THE DATA section start
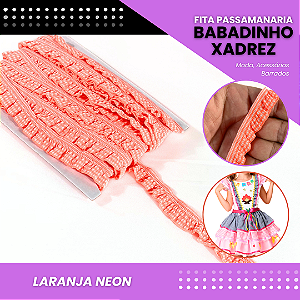 Fita Passamanaria Babadinho Xadrez Elástica - 18mm - Rolo C/13.7 Mts COR:LARANJA-NEON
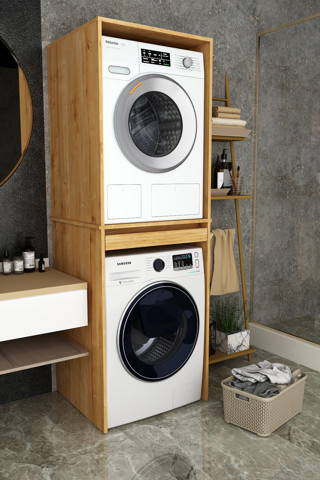 Asra Trend %100 MDF Çekmeceli Banyo Dolabı Çamaşır Makinesi+Kurutma Makinesi Dolabı BD-05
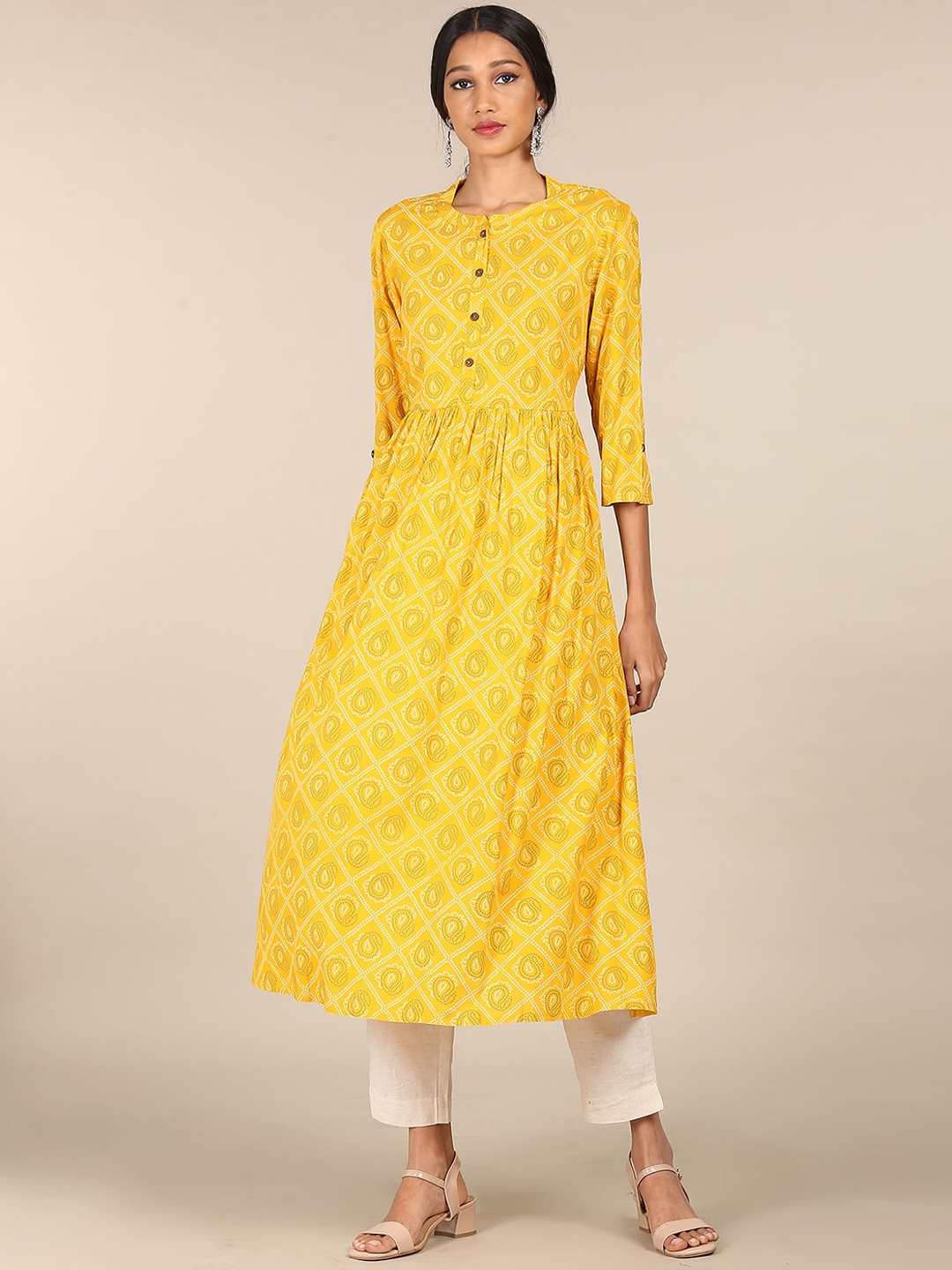 

Karigari Women Mustard Yellow Ethnic Motifs Printed Kurta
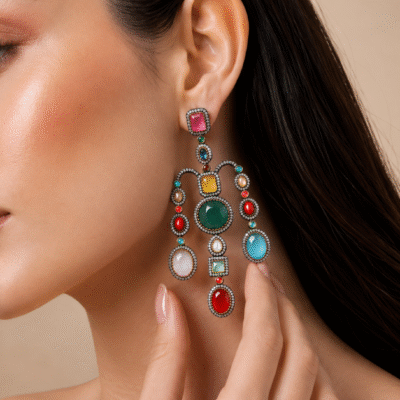 Statement Multi Colour Chandelier Earrings For Women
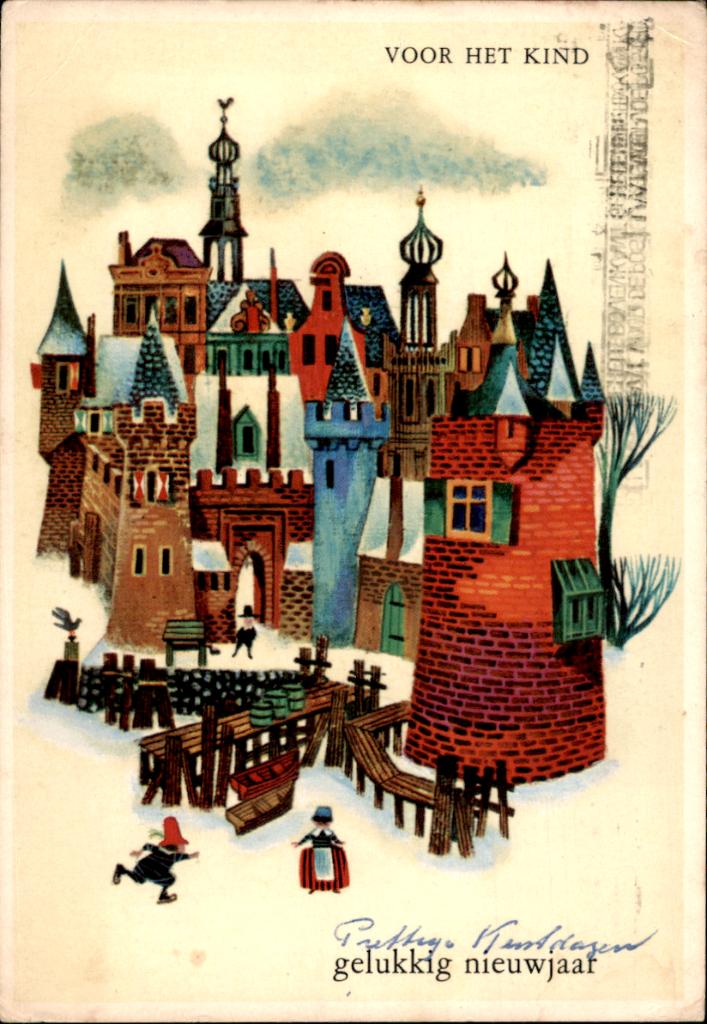 Voor het kind, kasteel met aanlegsteiger, Ton Beek, Verzenden, 1960 tot 1980, Gelopen, Feest(dag)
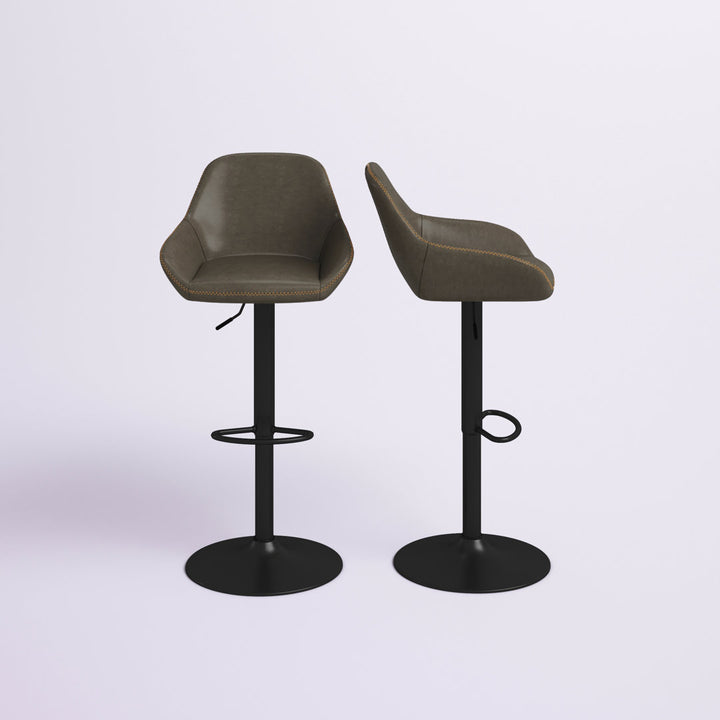 Thibodeaux Swivel Adjustable Height Bar Stool (Set of 2) Mistana™ Color: Gray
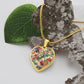 Kimono-Inspired Floral Heart Necklace - Gold Plated Pendant, Japanese Cherry Blossom Jewelry, Artistic Sakura Design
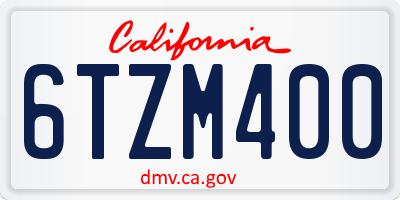 CA license plate 6TZM400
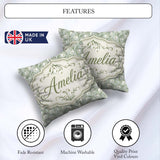 Custom Name Delicate Snowdrop Flowers Soft Sage Green Background Square Filled Cushion Throw Pillow Sofa Bed Home Decor Zip Washable UK Made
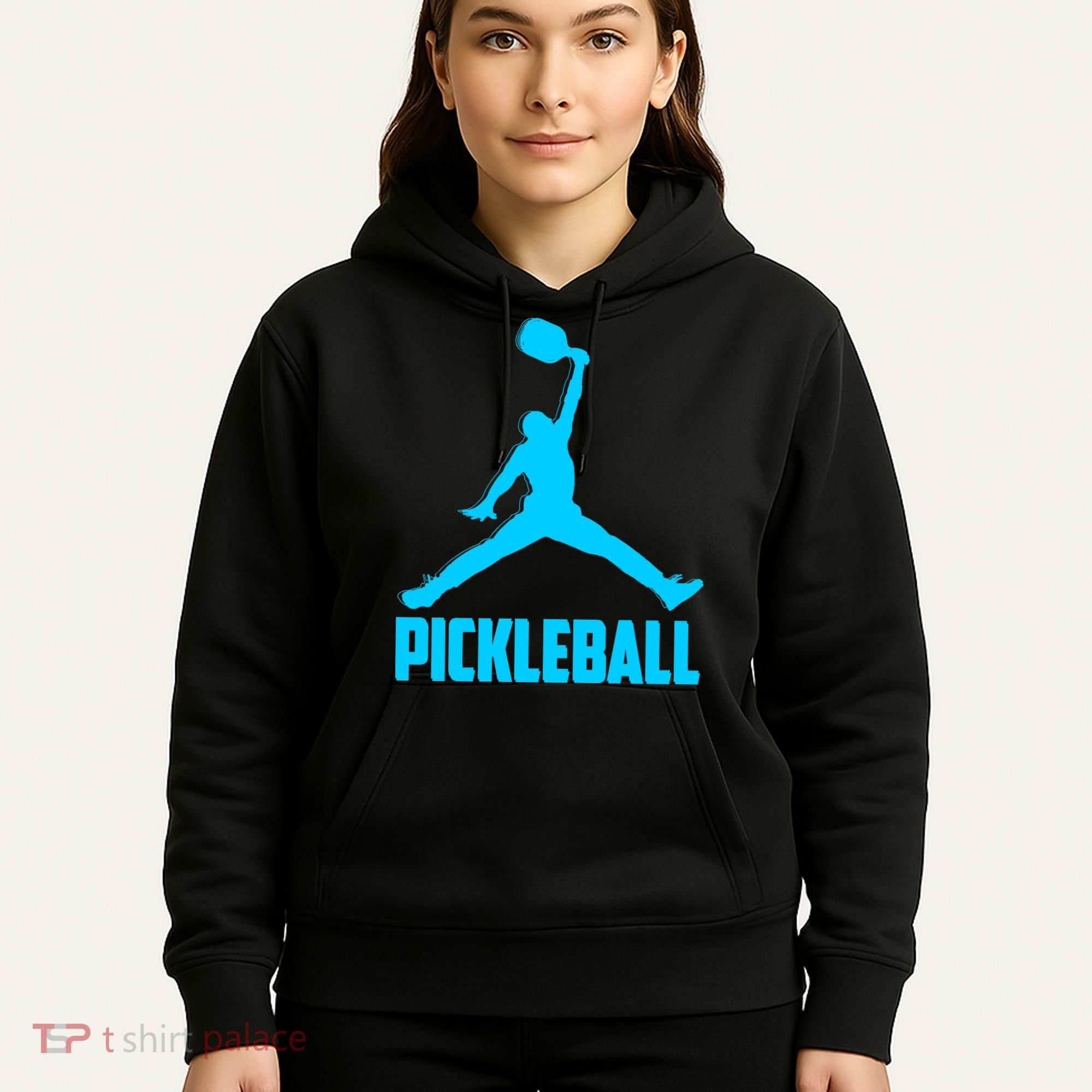 Sky Blue Pickleball Sports Logo Hoodie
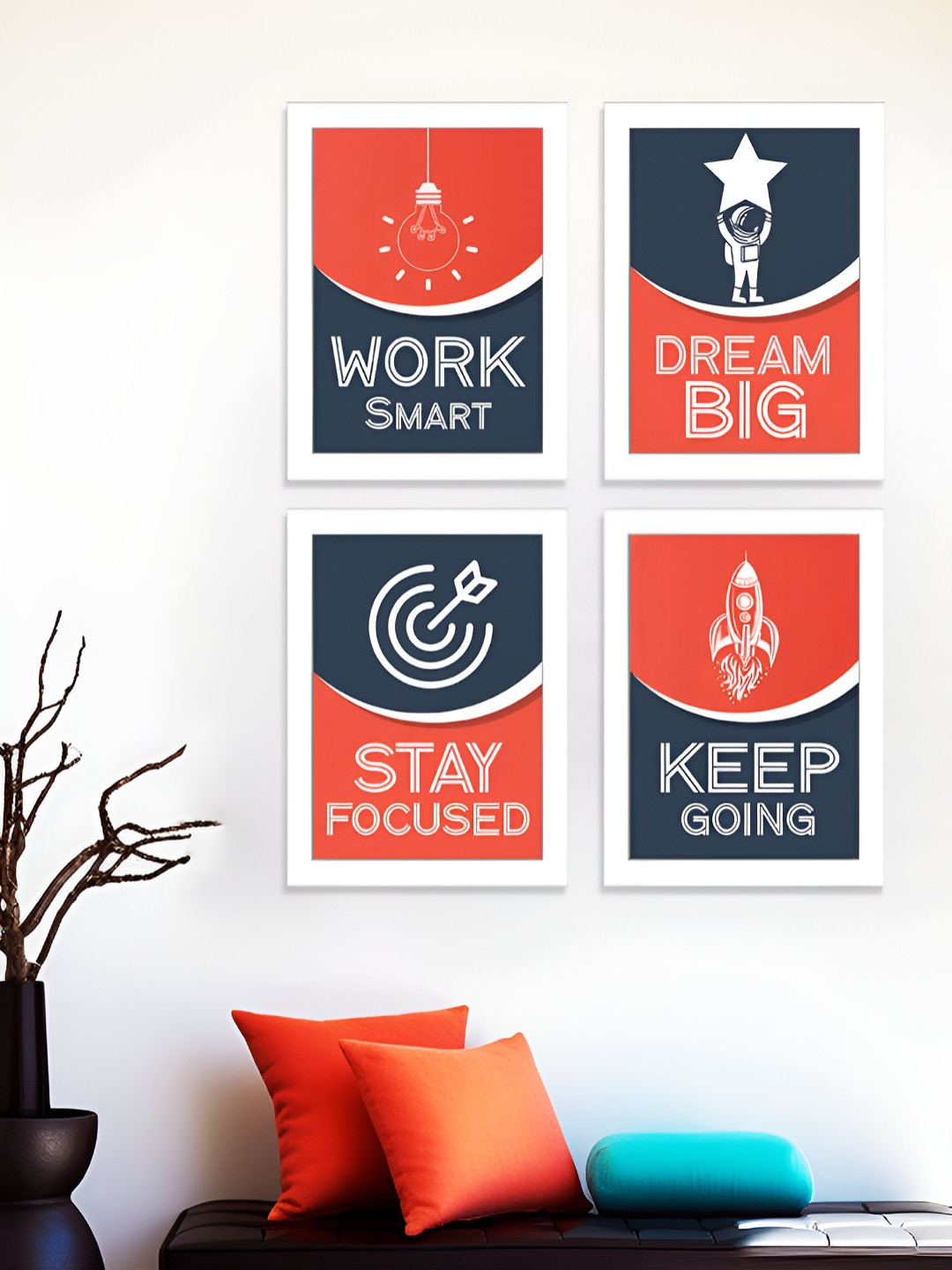 Art Street White & Red 4 Pieces Motivational Art Prints Wood Wall Art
THE DATA section end
■ **GOAL OF THE EXERCISE**
Starting at the top of the listing above, please restate word for word each line up to and including the one that holds "Statement Multi Colour", omitting every image.

■ **RESPONSE FOR THIS EXERCISE**
 Fita Passamanaria Babadinho Xadrez Elástica - 18mm - Rolo C/13.7 Mts COR:LARANJA-NEON
 Asra Trend %100 MDF Çekmeceli Banyo Dolabı Çamaşır Makinesi+Kurutma Makinesi Dolabı BD-05

Karigari Women Mustard Yellow Ethnic Motifs Printed Kurta
 Statement Multi Colour Chandelier Earrings For Women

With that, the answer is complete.